A bike a day, and I rejoice, yay!

 


I can't say this is becoming a habit, because, well, it has in fact been a habit for a long, long time.  I like bikes, and while sometimes they like me enough to wander into my path, on other occasions I actually seek them out, and today was such an occasion.  I even bought this bike, paying infinitely more than the the free my-street-side Kabuki of yesterday.  So yes, picking up old bikes is an old habit, but I can't say that it usually happens with this sort of regularity.
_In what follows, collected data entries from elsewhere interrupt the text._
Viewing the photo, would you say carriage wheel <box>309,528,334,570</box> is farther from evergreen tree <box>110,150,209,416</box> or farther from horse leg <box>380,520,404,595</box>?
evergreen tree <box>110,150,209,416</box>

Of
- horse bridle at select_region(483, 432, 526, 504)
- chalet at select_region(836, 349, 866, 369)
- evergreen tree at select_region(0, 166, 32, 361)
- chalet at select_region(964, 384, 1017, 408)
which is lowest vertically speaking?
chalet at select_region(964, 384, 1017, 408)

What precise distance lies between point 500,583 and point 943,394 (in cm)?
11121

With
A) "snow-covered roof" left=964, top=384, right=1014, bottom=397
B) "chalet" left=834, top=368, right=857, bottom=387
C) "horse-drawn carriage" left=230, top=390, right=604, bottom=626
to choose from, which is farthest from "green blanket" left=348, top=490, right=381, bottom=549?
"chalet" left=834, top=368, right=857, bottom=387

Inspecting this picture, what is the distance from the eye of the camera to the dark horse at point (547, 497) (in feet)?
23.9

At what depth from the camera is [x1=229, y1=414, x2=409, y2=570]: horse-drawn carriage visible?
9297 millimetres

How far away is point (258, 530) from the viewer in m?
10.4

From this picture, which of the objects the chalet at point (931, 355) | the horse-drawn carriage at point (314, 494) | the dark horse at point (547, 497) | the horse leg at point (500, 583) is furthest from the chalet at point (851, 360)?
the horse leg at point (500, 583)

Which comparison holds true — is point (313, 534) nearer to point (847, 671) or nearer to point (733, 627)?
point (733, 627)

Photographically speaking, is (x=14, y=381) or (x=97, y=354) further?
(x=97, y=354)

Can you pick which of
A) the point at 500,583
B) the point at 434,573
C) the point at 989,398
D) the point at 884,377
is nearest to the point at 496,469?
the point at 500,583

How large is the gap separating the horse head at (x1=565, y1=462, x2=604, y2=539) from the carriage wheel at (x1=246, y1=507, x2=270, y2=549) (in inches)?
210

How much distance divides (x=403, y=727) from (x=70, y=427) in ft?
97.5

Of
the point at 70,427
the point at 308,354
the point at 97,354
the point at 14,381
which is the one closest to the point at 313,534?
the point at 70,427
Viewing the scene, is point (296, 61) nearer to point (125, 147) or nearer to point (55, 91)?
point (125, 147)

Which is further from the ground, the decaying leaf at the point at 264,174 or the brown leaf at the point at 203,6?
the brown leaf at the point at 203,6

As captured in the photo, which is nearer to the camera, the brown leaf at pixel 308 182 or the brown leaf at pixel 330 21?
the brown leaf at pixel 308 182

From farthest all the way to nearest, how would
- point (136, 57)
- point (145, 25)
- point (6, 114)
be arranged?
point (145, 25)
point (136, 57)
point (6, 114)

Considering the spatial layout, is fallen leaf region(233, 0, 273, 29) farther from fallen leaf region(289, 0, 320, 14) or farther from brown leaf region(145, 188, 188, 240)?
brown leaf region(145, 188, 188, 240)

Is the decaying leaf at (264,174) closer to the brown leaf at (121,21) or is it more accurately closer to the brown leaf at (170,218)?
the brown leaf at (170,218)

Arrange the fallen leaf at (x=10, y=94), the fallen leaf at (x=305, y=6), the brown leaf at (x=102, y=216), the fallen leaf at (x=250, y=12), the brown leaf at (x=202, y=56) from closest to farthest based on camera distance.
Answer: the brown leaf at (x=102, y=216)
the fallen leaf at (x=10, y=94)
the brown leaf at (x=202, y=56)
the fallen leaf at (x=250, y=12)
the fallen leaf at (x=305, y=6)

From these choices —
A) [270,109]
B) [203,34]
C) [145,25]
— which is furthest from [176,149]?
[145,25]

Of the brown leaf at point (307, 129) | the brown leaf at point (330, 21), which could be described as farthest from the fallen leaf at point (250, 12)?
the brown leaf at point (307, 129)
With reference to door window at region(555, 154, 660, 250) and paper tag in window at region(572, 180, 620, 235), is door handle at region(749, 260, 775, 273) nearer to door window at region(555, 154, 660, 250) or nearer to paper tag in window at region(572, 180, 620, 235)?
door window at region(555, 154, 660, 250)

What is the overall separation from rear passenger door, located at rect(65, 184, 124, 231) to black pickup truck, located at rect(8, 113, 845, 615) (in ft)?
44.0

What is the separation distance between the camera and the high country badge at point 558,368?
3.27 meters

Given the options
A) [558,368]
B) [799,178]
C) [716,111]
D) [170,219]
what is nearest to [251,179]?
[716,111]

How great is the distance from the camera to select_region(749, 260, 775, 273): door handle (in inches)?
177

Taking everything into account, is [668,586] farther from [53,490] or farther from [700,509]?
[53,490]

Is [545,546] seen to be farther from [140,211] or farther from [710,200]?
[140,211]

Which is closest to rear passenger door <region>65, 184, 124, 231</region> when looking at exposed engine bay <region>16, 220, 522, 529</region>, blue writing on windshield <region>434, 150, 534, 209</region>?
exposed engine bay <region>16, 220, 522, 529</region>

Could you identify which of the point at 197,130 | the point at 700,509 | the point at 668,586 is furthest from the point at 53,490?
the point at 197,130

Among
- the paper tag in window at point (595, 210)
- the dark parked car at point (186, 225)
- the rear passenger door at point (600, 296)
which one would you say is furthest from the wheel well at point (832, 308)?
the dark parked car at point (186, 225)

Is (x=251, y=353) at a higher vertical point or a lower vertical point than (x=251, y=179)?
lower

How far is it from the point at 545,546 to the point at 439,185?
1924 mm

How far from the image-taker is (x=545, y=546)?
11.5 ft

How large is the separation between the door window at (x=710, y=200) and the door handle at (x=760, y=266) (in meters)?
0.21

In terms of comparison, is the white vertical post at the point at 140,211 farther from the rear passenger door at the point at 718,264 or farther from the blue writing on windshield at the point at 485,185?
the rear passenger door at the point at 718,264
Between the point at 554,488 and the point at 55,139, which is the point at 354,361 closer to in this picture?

Something of an odd story or two with this one, I will further admit, since I'm in the mode of coming clean with habits and so forth.  First one: I have a bit of a lengthy love affair with Raleigh Technium bikes, and not solely because they have such a tremendously 90s name, although I do kinda love that in a way that's as close to being hipster as I'm likely to try.  My first Technium was a 420 which came to me as a dump find, incomplete without the special cable stop that bolts to the bottom of the downtube.  I, of course, feared not, and with it's horizontal dropouts, it has served me as a fixed gear for what must be, wow, well in excess of a decade.
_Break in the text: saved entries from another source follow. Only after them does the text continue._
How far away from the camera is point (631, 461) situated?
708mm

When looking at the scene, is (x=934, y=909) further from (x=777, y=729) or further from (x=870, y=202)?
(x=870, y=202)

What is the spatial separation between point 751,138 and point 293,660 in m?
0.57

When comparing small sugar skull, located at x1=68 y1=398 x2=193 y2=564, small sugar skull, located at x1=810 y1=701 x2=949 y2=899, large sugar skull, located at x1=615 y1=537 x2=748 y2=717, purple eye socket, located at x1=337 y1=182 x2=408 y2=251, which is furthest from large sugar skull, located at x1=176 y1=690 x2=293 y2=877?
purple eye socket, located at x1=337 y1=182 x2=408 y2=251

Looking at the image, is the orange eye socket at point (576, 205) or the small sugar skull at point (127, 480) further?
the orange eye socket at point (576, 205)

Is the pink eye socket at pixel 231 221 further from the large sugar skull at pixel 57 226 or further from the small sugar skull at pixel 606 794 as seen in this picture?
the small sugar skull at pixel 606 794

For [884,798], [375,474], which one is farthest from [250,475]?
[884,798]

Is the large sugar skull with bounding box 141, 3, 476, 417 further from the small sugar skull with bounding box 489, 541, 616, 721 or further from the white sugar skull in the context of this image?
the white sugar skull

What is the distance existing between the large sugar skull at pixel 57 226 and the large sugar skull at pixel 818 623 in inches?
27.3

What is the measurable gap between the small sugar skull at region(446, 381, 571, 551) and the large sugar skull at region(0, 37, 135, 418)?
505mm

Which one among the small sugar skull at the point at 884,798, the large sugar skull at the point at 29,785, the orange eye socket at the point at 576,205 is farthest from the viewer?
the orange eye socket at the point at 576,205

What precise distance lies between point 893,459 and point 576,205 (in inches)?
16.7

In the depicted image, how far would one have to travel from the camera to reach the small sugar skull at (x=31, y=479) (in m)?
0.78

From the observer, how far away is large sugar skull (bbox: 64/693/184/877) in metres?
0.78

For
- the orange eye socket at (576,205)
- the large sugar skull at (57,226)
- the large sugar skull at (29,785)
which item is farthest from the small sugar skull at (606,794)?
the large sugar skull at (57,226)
Technium, beyond stirring the 90s hip pot, was Raleigh-ese for three aluminum main tubes with chromo lugs and stays, all glued together in the US of A.  I am far from overtly patriotic, but I do like the idea of a domestically sourced bike for the simple reason of transportation cost, and I don't particularly mean the expense in money, but rather all the icky externalities such as kicking the groin of a mother earth we sort of need to survive.  Transportation means fuel, often in gigantic container ships these days.  So yeah, sweet spot for a bike that was made kinda where I live.
But beyond that preference, my 420 fixed gear just rides so sweet.  Something about steel stays bonded to not-overly-large aluminum made for a cushy ride that was also pretty dang light compared to most of the entry bikes against which it vied for consumer dollars.  Yeah, it is one of the nicer riding bikes I've found.  So much so, I went looking for the 420's upper-entry-end brethren with the shift (actually, no pun intended--just luck I guess) to downtube shifter mounts and a 40 "lack of units" upgrade to the 460 name.  I found it, and it WAS sweat, but alas is "WAS" because I broke the rear dropout a couple years back and haven't had the gumption to figure out brazing in a replacement.
But it seems the Technium upgrades continue, and I've left the world of numeric names and (sniffle) long reach brakes wrapped around 27" tires and wheels, and for those of you who scoff of 27" wheels, mark my word, they are to 700c what 27.5 is to 26.  Yes, marginally bigger, but so much cooler with the cool kids.  And no, I tend not to care too much about the cools kids, so I get to ride weird things that work, like 27" wheels.  But alas, not when I ride the new one, a 700c Olympian.
Oh yes, I did mention there is a quantity of two when it comes to odd stories related to this bike.  It came from South Hadley, the next town over.  The place, in fact, where I bought an industrial drill press a few years back.  And when I say "place", I don't just mean the town, but the actually house.  This bike belonged to the son of my drill press' former owner, so it seems I have now twice lightened their load for the move down to Florida.  I wonder what the rest of the family has to sell.
And did I mention, "Yay!"?  Yay, yay--yeah--YAY!